_SUPPLIED MATERIAL_.

---+---

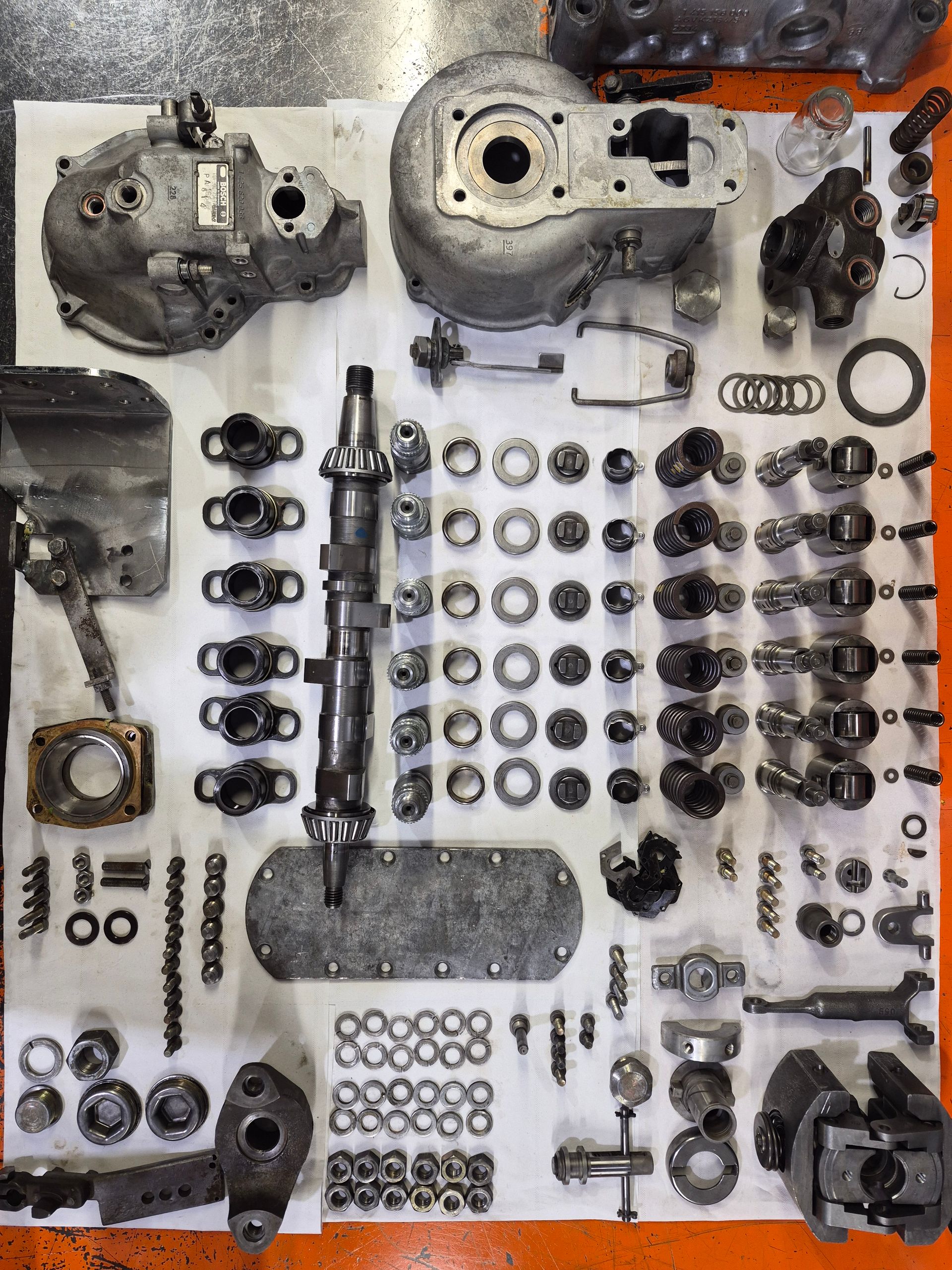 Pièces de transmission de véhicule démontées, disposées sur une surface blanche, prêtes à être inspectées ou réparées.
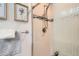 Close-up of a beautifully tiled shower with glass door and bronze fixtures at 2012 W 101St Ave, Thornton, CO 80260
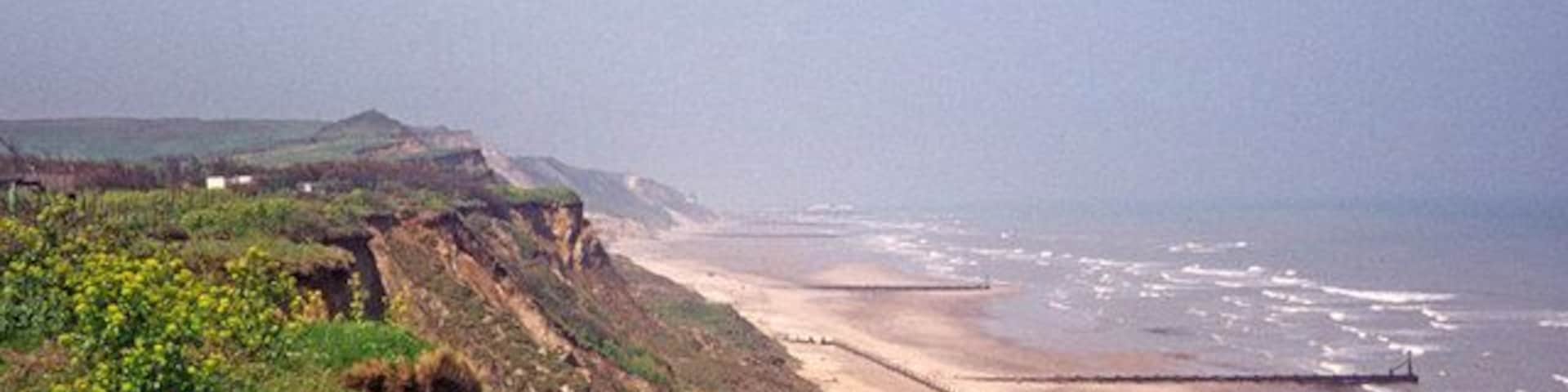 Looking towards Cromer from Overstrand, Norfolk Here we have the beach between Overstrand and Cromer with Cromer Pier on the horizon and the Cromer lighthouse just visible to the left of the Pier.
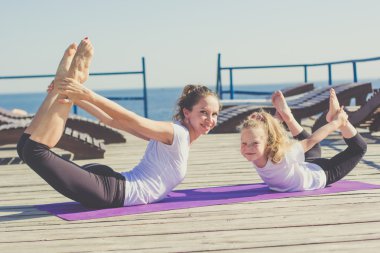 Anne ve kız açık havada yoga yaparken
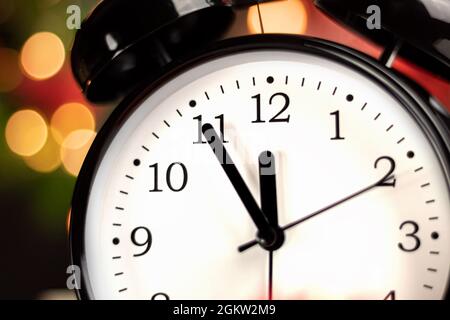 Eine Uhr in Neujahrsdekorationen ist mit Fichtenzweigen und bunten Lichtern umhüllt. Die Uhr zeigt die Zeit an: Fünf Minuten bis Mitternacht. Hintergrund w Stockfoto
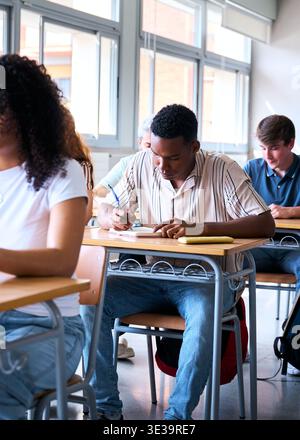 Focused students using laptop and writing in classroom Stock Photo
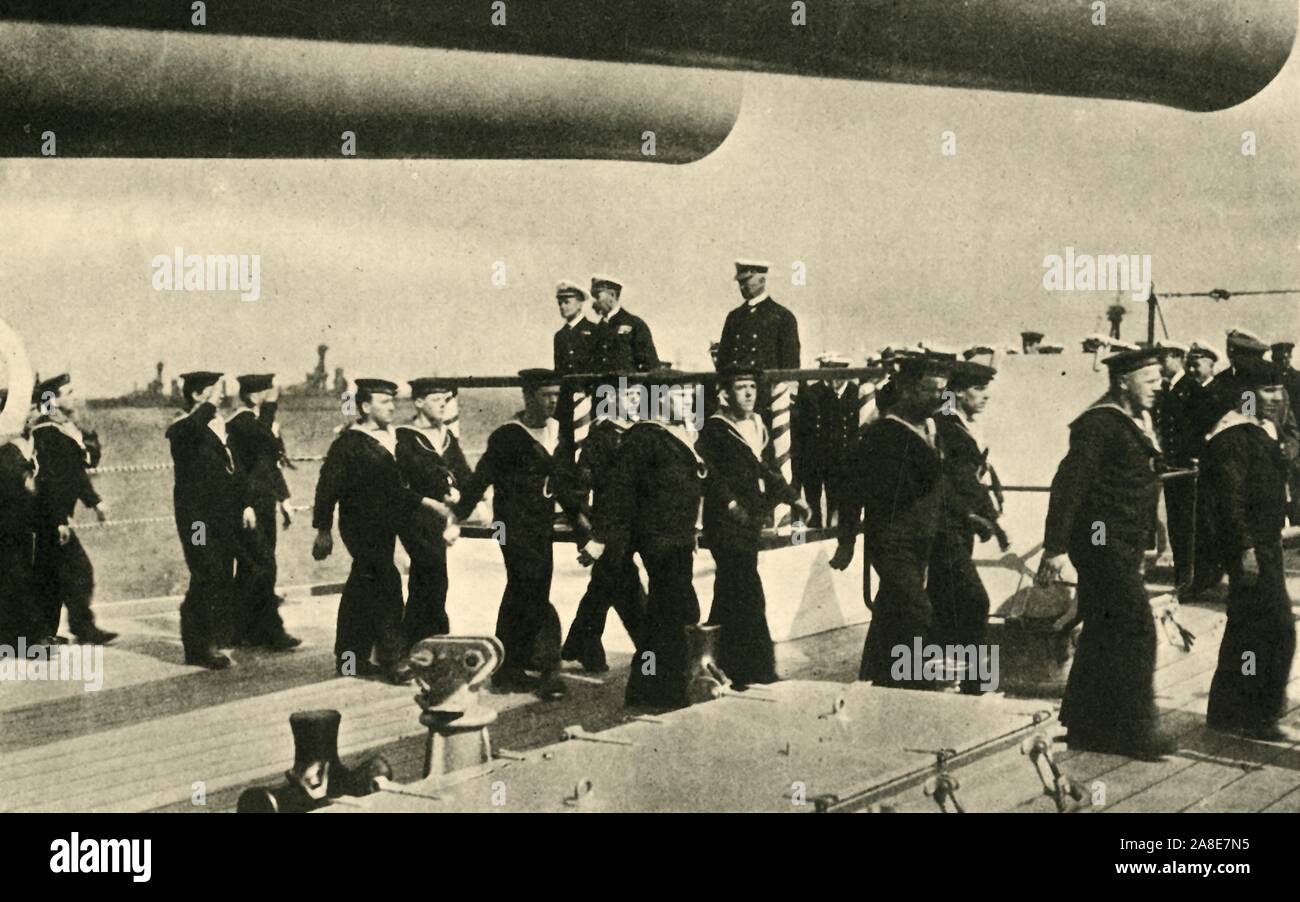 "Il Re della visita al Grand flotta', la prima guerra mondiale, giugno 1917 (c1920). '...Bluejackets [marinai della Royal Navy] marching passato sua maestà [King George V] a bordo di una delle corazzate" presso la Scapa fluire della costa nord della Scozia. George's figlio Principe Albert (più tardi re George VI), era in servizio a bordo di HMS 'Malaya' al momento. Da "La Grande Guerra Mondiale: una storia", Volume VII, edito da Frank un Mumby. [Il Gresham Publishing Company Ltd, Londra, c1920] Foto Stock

---+---

_REQUIREMENT_. Set down again, exactly, the lines of the material above from its first line to the one with "Focused students using", inclusive. Leave the pictures out.

_YOUR RESPONSE_.
 Pièces de transmission de véhicule démontées, disposées sur une surface blanche, prêtes à être inspectées ou réparées.
 Close-up of a beautifully tiled shower with glass door and bronze fixtures at 2012 W 101St Ave, Thornton, CO 80260
 Looking towards Cromer from Overstrand, Norfolk Here we have the beach between Overstrand and Cromer with Cromer Pier on the horizon and the Cromer lighthouse just visible to the left of the Pier.
 Anne ve kız açık havada yoga yaparken
 Eine Uhr in Neujahrsdekorationen ist mit Fichtenzweigen und bunten Lichtern umhüllt. Die Uhr zeigt die Zeit an: Fünf Minuten bis Mitternacht. Hintergrund w Stockfoto
 Focused students using laptop and writing in classroom Stock Photo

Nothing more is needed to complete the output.